Researchers at the National Institute of Standards and Technology have developed a new analysis technique to help IT administrators assess security risk.
The patent-pending technique was developed by computer scientist Anoop Singhal and his research colleagues at George Mason University. Though NIST researchers weren’t available this morning to comment on their findings, Singhal and his team use attack graphs and the National Vulnerability Database in their assessment of network pathways.
“We analyze all of the paths that system attackers could penetrate through a network and assign a risk to each component of the system,” Singhal said in a statement. “Decision makers can use our assigned probabilities to make wise decisions and investments to safeguard their network.”

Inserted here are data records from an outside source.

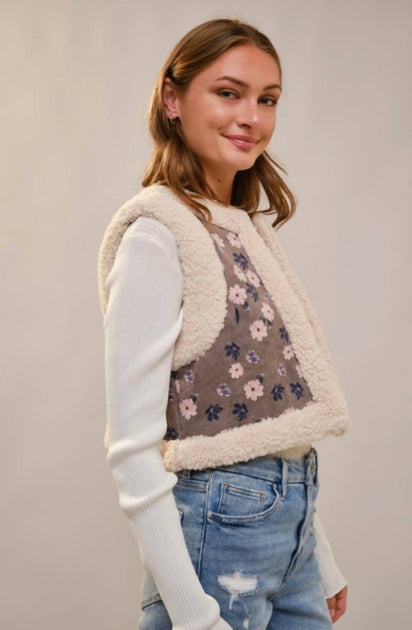 Blue B Sherpa Lining Flower Print Faux Suede Vest Beige Large 3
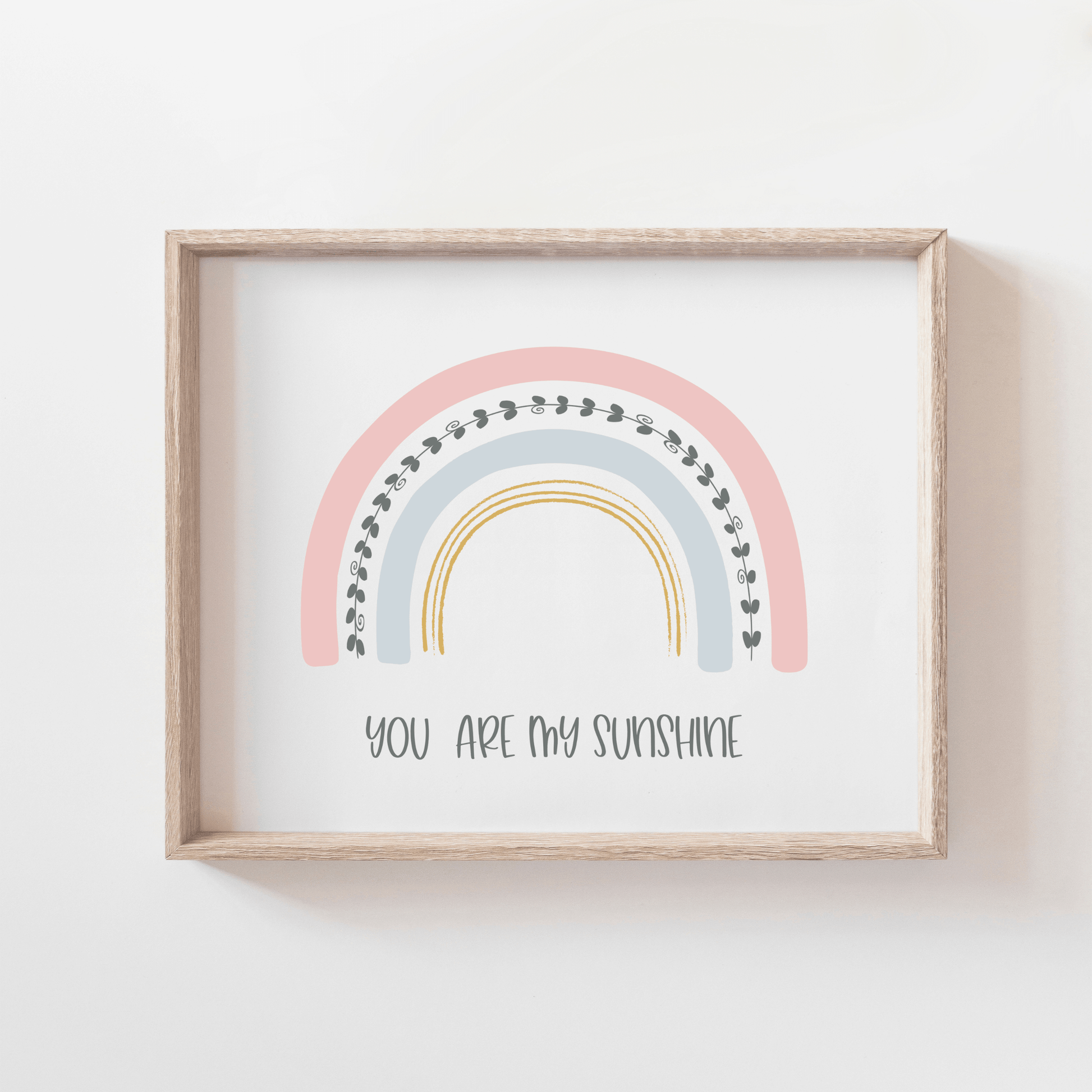 Rainbow nursery wall art featuring pastel colors and nursery quote, You Are My Sunshine. Girl nursery wall art.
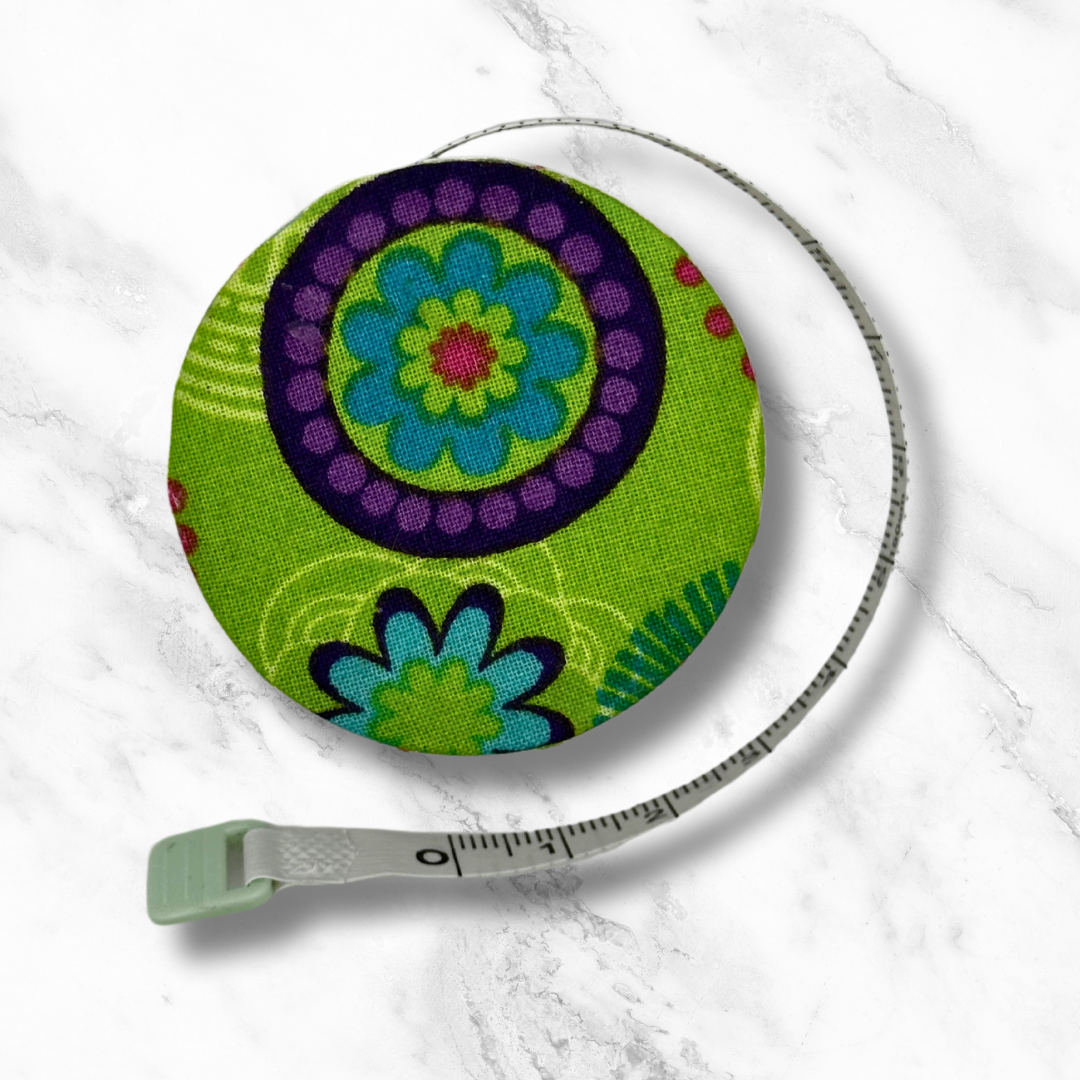 Floral Happiness #1 - Fabric-Covered Retractable Tape Measure - hand-decorated, portable!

According to NIST, once inside a network’s firewall, a hacker can take a number of routes through the network to find a treasure-trove of confidential data. NIST researchers evaluate each route and assign it a risk based on the level of difficulty for the hacker. For example, in a simple system there is an attacker on a computer, a firewall, router, an FTP server and a database server, NIST officials explained. The goal for the attacker is to find the simplest path into the database server. Using attack graph analysis, NIST determines three potential attack paths and assigns an attack probability for each path in the graph based on the score in the NVD database.
Because it takes multiple steps to reach the goal, the probabilities of each component are multiplied to determine the overall risk, NIST officials said. The next step is for the researchers to expand their research to handle large-scale enterprise networks, officials added.